12) No, I meant have you taken photographs of other people who were nude?
13) Are you going to feature any of the photos you took on your trip to New York in the cartoon?
14) All of it, I guess. What does it mean?
15) So, will you use any of the photos you took on your trip to New York in the cartoon or not?
16) In your cartoons, you’ve referenced Rene Magritte and Edvard Munch, but not Salvador Dali. What have you got against Salvador Dali?
17) Why don’t you use wax?
18) No, I meant for your moustache. Why don’t you use wax for your moustache?
19) Stop evading my questions! Why don’t you use wax for your moustache?
20) You think you’re hot?

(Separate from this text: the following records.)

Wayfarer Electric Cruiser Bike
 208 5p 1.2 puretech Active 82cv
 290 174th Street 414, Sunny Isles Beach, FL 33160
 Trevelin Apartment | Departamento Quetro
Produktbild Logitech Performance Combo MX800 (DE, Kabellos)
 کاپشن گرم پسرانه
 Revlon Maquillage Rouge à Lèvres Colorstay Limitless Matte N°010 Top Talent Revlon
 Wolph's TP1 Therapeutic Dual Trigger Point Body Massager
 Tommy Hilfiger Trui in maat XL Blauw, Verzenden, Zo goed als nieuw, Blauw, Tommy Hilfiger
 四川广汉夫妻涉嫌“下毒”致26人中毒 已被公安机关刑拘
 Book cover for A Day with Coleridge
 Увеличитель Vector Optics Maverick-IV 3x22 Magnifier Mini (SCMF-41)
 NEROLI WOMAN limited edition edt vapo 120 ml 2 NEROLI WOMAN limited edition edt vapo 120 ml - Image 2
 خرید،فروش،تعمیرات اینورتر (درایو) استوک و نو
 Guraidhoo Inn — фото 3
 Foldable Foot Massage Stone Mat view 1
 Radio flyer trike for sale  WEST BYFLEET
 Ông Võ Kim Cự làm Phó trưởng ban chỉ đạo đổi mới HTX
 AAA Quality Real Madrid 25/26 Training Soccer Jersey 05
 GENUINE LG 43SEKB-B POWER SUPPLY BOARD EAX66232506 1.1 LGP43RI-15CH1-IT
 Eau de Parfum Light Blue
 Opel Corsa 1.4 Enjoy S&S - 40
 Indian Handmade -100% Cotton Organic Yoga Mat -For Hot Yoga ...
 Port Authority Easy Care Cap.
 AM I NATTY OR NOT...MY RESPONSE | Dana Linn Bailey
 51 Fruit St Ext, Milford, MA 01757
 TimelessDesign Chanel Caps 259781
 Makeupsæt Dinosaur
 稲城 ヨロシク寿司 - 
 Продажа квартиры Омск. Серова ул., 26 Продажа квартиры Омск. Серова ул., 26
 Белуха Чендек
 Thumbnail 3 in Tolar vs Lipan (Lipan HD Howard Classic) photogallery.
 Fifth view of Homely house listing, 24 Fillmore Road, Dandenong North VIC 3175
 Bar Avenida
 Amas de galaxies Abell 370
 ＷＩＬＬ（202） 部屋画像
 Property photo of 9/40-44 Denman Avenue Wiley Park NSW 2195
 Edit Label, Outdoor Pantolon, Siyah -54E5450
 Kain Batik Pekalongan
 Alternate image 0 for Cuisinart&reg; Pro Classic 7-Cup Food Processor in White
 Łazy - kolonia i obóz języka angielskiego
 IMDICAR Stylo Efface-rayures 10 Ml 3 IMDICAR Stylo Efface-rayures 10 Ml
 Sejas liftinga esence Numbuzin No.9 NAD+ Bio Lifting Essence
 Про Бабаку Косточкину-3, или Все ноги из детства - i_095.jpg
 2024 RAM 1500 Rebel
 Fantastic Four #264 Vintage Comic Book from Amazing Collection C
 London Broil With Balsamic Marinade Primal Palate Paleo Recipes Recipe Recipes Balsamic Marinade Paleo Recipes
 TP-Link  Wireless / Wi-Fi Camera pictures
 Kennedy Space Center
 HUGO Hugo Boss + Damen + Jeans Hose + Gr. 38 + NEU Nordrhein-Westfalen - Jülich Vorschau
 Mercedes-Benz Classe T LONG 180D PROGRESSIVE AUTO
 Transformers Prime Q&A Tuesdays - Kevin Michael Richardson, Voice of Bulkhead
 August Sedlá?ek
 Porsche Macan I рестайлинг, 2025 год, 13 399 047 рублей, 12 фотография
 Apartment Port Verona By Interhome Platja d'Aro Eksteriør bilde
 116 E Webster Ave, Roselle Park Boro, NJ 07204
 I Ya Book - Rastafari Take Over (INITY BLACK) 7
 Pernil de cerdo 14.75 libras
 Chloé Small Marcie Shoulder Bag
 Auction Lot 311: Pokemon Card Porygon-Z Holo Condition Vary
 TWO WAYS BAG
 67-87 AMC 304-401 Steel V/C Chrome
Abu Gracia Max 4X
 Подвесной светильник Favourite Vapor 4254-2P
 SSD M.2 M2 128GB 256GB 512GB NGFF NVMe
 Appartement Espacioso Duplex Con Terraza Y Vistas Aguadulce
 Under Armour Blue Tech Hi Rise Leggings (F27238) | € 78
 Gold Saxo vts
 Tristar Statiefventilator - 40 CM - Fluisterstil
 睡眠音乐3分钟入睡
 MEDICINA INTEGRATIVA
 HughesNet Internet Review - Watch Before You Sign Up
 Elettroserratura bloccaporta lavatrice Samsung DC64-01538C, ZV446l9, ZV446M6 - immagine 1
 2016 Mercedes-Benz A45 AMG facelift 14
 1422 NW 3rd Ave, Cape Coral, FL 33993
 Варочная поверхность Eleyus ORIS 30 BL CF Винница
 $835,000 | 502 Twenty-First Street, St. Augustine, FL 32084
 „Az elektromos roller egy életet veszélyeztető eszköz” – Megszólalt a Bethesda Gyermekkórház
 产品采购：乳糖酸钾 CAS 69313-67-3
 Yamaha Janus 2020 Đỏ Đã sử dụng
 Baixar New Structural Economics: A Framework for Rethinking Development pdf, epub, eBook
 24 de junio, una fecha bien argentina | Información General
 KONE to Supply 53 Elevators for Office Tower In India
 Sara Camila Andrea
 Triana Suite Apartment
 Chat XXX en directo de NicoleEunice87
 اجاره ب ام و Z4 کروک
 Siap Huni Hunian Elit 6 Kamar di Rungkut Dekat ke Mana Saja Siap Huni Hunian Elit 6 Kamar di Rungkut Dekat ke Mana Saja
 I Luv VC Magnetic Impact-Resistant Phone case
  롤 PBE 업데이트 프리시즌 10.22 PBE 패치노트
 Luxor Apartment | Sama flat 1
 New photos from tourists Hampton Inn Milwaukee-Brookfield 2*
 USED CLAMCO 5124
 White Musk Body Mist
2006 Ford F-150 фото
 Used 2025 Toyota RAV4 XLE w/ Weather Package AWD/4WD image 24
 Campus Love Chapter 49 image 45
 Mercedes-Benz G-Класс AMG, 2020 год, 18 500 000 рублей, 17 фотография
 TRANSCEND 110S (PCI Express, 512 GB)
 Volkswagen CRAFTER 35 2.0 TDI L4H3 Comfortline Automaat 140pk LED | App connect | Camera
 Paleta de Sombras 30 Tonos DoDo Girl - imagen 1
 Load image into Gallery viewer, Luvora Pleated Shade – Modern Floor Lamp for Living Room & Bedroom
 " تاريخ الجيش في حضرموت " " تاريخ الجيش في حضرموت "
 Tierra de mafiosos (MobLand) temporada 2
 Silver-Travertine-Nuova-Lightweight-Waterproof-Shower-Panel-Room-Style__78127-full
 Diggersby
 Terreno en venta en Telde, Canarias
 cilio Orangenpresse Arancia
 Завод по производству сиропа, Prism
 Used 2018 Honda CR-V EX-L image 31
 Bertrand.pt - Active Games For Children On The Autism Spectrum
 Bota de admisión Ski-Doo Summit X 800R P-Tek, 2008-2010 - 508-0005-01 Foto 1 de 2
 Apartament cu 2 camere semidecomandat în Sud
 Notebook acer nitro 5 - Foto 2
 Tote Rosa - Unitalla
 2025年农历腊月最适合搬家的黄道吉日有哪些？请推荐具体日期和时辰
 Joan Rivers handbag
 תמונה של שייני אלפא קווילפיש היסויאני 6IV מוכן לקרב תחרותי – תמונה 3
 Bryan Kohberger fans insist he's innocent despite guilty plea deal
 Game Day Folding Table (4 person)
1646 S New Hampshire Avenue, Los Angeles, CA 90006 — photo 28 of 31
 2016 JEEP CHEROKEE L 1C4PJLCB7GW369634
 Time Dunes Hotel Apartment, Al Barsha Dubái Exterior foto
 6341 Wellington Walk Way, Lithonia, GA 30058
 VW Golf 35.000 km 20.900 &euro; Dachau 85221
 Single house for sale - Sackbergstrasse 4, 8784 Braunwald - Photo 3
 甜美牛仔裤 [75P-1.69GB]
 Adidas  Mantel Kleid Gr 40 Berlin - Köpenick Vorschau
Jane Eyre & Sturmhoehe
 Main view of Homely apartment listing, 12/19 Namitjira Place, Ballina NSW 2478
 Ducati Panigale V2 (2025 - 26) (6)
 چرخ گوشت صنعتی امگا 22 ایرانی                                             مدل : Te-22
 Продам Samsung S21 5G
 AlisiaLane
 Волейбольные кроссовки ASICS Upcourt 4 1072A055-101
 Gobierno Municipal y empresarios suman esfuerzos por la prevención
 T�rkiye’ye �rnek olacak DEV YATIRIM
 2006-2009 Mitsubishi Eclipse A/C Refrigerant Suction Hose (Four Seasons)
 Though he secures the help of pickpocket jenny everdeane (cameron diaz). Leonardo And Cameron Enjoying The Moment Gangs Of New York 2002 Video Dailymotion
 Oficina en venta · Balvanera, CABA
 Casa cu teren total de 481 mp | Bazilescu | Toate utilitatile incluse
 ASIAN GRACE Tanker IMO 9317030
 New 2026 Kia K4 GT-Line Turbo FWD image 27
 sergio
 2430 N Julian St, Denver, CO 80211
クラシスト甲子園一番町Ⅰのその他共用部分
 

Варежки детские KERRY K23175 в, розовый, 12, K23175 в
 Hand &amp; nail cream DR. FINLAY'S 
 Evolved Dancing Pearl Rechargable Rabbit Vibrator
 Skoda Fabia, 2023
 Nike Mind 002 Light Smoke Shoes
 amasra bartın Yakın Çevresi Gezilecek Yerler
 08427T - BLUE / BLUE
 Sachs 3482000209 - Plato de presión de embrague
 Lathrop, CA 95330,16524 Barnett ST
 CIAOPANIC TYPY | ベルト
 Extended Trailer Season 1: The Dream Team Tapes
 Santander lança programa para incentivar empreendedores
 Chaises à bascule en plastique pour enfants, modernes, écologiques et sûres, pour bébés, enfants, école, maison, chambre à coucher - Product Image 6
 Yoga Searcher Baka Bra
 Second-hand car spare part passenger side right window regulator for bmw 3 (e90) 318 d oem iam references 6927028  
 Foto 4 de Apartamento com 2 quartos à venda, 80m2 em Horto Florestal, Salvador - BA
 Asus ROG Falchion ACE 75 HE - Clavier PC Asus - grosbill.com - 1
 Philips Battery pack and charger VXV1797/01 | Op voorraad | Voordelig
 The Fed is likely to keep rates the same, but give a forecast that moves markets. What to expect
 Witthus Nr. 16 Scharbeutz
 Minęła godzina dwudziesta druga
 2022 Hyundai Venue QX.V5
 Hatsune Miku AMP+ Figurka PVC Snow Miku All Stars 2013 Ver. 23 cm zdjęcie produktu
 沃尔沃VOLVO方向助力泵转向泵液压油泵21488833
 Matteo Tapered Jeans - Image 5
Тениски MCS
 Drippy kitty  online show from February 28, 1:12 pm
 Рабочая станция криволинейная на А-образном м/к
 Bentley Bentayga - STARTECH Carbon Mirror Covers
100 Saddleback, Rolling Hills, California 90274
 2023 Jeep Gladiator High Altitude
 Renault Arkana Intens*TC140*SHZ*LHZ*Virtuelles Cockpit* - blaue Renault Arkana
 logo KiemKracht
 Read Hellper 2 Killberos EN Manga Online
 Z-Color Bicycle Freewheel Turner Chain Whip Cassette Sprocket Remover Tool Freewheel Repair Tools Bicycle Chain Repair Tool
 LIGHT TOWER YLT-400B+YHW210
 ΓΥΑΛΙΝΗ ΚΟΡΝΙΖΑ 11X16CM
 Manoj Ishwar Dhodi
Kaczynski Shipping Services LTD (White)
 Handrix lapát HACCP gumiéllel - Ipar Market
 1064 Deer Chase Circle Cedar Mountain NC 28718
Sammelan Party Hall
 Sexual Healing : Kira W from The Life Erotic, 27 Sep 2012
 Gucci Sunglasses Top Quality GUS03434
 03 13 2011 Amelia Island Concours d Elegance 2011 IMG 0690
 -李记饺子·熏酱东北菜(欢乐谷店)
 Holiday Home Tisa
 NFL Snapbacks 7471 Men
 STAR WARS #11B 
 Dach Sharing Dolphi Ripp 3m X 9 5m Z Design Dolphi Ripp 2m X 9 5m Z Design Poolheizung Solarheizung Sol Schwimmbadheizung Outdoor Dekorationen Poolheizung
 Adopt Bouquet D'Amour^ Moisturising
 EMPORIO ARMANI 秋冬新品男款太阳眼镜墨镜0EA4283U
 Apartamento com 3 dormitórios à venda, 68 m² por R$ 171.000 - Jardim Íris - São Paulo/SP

Isn’t that kind of egotistical of you?
21) Where do you see your My Toronto cartoons in relationship to your body of work as a whole.
22) You recently made a joke about being “mooned by a Lepidoptera.” Aren’t you worried about being called on this by people who know better?
I don’t stage photos so much as create the circumstances in which interesting photo opportunities may arise. For instance – this is kind of amusing – I told one of my best friends that his girlfriend was cheating on him. I expected the throwing around of objects or some other form of physical violence. Imagine the pictures! Unfortunately, they just quietly broke up.
I know – I wasted a week and a half and didn’t get a useable shot!
3) Is there anything you won’t do to get a photograph?
I won’t guest host on Late Night with David Letterman.
I prefer The Daily Show.
Will you replace your head with a pineapple?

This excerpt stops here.